Giovanni Poggi received the Laurea degree in electronic engineering from the University Federico II of Naples, Italy, in 1988. He is currently a Professor of telecommunications with the University Federico II of Naples, Italy, Department of Electrical Engineering and Information Technology and Coordinator of the Telecommunication Engineering School. His current research interests are focused on statistical image processing, including compression, restoration, and segmentation of remote-sensing images, both optical and SAR, and detection of image forgeries. Prof. Poggi has been an Associate Editor for the IEEE Transactions on Image Processing and Elsevier Signal Processing.
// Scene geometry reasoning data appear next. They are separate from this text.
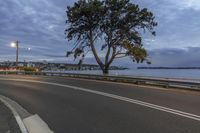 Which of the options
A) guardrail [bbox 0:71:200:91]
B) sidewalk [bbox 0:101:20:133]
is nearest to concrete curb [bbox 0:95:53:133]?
sidewalk [bbox 0:101:20:133]

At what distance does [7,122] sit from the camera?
1055 cm

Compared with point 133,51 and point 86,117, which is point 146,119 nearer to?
point 86,117

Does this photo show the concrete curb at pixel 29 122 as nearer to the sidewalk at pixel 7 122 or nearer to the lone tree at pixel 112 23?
the sidewalk at pixel 7 122

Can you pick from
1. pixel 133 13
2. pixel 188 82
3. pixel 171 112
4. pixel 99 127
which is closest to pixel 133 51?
pixel 133 13

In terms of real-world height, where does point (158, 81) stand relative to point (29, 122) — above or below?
above

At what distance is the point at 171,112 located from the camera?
11742 mm

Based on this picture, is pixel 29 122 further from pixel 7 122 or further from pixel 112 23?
pixel 112 23

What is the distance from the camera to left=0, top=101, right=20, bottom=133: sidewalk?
9.20m

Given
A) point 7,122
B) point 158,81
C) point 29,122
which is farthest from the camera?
point 158,81

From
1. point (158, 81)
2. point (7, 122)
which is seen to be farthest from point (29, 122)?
point (158, 81)

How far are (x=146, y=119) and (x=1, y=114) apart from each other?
17.2 feet

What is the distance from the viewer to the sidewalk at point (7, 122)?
920cm

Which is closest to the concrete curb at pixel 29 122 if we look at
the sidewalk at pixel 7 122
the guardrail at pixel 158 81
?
the sidewalk at pixel 7 122

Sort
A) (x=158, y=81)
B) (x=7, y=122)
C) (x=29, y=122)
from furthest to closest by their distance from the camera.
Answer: (x=158, y=81)
(x=29, y=122)
(x=7, y=122) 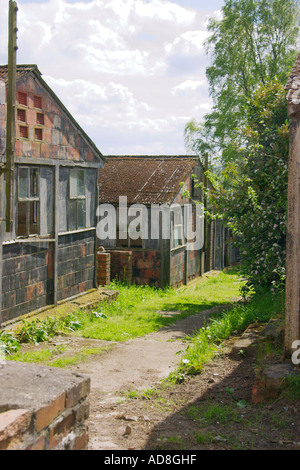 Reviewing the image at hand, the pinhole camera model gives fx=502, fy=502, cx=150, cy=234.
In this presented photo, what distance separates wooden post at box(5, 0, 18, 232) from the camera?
862 cm

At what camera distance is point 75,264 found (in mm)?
12609

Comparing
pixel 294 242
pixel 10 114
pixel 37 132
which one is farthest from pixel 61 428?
pixel 37 132

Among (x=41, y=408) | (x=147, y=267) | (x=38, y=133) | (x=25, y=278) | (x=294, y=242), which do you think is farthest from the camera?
(x=147, y=267)

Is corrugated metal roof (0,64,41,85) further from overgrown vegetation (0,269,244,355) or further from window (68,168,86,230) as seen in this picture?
overgrown vegetation (0,269,244,355)

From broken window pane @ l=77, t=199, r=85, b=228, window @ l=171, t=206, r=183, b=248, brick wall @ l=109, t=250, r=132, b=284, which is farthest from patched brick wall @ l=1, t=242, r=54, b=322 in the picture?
window @ l=171, t=206, r=183, b=248

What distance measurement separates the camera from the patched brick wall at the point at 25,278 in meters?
9.67

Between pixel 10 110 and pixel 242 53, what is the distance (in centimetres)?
1982

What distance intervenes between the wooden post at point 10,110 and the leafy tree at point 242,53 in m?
17.4

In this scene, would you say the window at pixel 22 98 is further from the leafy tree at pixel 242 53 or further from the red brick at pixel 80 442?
the leafy tree at pixel 242 53

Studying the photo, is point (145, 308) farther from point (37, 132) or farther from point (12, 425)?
point (12, 425)

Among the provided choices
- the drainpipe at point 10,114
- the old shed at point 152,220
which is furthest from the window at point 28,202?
the old shed at point 152,220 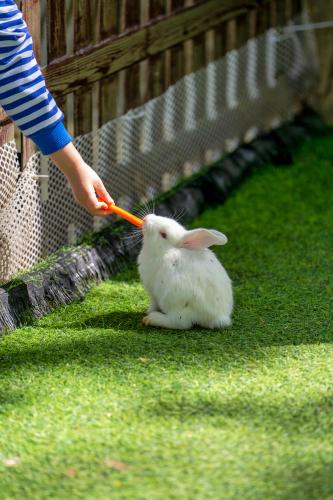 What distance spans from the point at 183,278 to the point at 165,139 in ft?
8.07

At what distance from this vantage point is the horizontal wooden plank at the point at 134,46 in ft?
17.6

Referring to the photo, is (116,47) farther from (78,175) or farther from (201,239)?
(78,175)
Davide Cozzolino received the Laurea degree in computer engineering from the University Federico II of Naples, Italy, in 2011. He is currently a Ph.D. student in electronic and telecommunications engineering at the University of Naples. His study and research focus on interests include image processing, particularly image compression and detection of image forgeries.
Luisa Verdoliva received the Laurea degree in telecommunications engineering and the Ph.D. degree in information engineering from the University of Naples Federico II, Naples, Italy, in 1998 and 2002, respectively. She is currently a Researcher with the Department of Electrical Engineering and Information Technology, University of Naples Federico II. Her current research interests include image processing, particularly denoising and compression of remote sensing images.